At the heart of the matter is the fact that Golomb and her task force want to snatch what lifelong Pittsburghers have worked all their lives to achieve so that she can have her way. The real issue, for the people who actually live and work Downtown, is that she wants to destroy the businesses that lower-income Pittsburgh residents depend on. In reality, Murphy and Golomb, through a political power play, want to use brute force to take from Pittsburgh’s poor and politically powerless, and give to the rich and politically powerful.

The mayor and Golomb try to sound nice about it by assuring us that eminent domain is only in their plans as a “last resort,” if the business and property owners don’t cooperate. This promise is meaningless. If eminent domain is on the table at all, then the city is, in fact, using the threat of eminent domain as a weapon against those local Pittsburghers. Their “last resort” promise is like a thug pointing a gun at you and telling you that he sure hopes you voluntarily cooperate with him so he doesn’t have to shoot you as a “last resort.” His enthusiasm for your voluntarily cooperation and “last resort” assurances probably wouldn’t make you feel any less like the victim of an armed robbery.

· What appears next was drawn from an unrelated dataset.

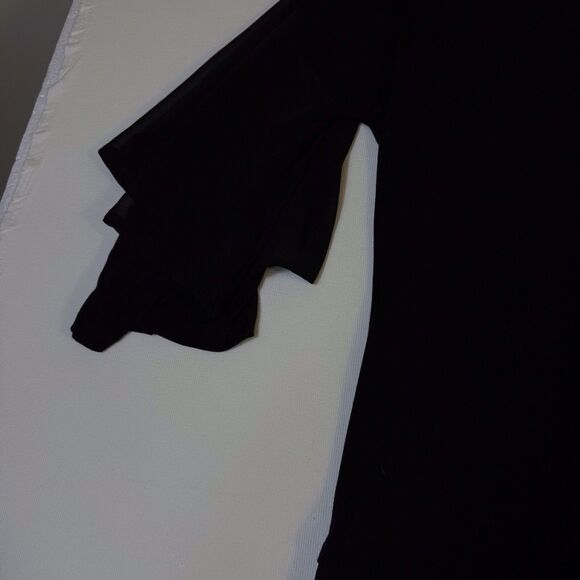 DESIGN HISTORY Black Flowy Dressy Top Size 2X Bell Ruffle Sleeve long length - Picture 13 of 14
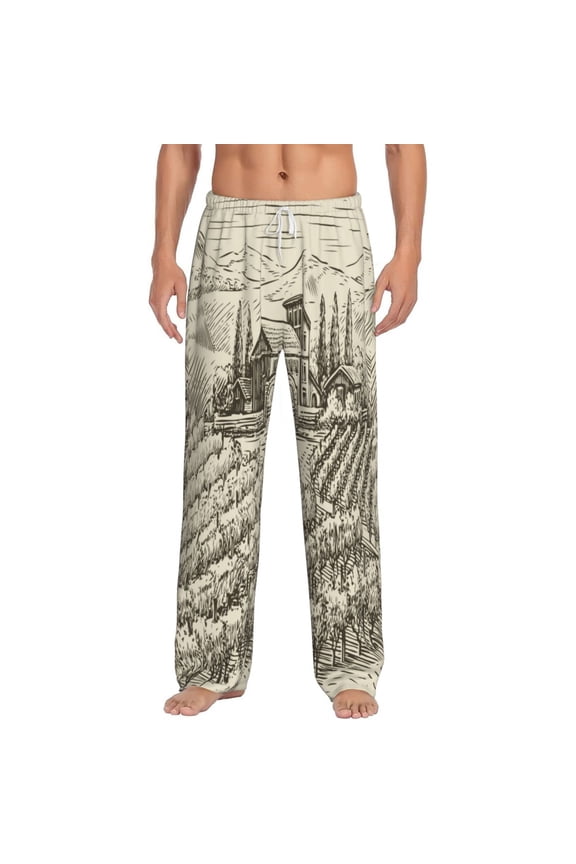 Vineyard Landscape Print Mens Pajama Pants Sleep & Lounge Pants, PJ Bottoms With elastic waistb and Pockets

It is true that the city is permitted by the Fifth Amendment to use eminent domain to take private property for public purposes. And even though the Founding Fathers only intended that land may be taken for truly public projects, such as roads, courthouses and city halls — and not for private commercial developments – the present day activist courts have generally let city governments slide with anything they can remotely justify as a “public purpose.” So Mayor Murphy might just be able to condemn the property with impunity.

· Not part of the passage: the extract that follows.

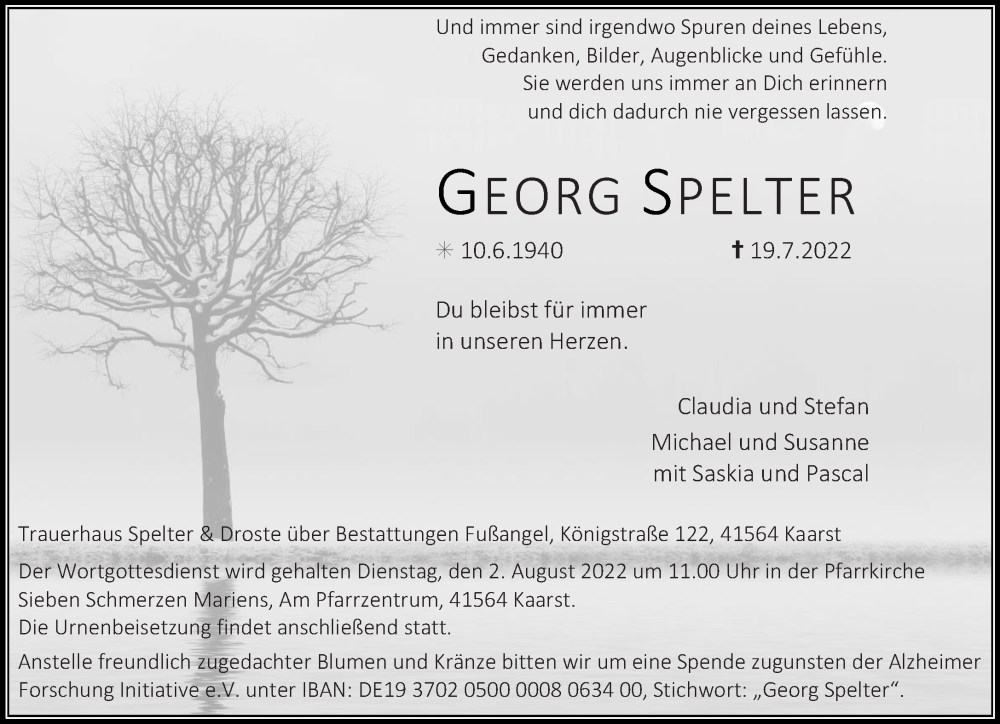  Traueranzeige für Georg Spelter vom 30.07.2022 aus Rheinische Post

But will that make it right? Not unless you think that there is one standard of morality for private citizens and another standard of morality for mayors and city planners. That is, does stealing somehow become morally acceptable because a government official does it and a court approves it? Who could say that Murphy and Golomb will be doing anything other than stealing if they take the land and businesses Downtown by eminent domain or threats thereof?

Hardly Mutual

But, someone might argue, the Fifth Amendment requires that the people whose land is taken through eminent domain be compensated, so it’s not really theft. It’s true that the owners would be compensated, but whatever the city pays them will necessarily be less than the property is worth. Why? Because the market value of anything, including businesses and real estate, is only actually determined when a willing buyer and willing seller mutually agree to a price and execute a voluntary transaction. A private party couldn’t force you to sell your house just because they’re willing to pay what an appraiser says that it’s worth. If someone would take your property by force and pay you anything less than you would voluntarily accept without any threat, that’s stealing.

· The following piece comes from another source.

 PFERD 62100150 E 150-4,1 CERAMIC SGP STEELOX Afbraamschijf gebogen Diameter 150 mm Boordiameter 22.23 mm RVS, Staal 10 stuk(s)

Even if it looks like Murphy and the city planners are going to close in and use eminent domain tactics, the business owners should stand their ground to the last. A thug who steals what he wants when the owner won’t give it to him doesn’t deserve the sanction of the victim.

That way, if the Downtown business owner/victims of Murphy’s Law won’t give their sanction to the mayor, and he has to go to court to take their property through legalized theft, then everyone will at least see Murphy’s actions for what they really are, and see Murphy for what he really is.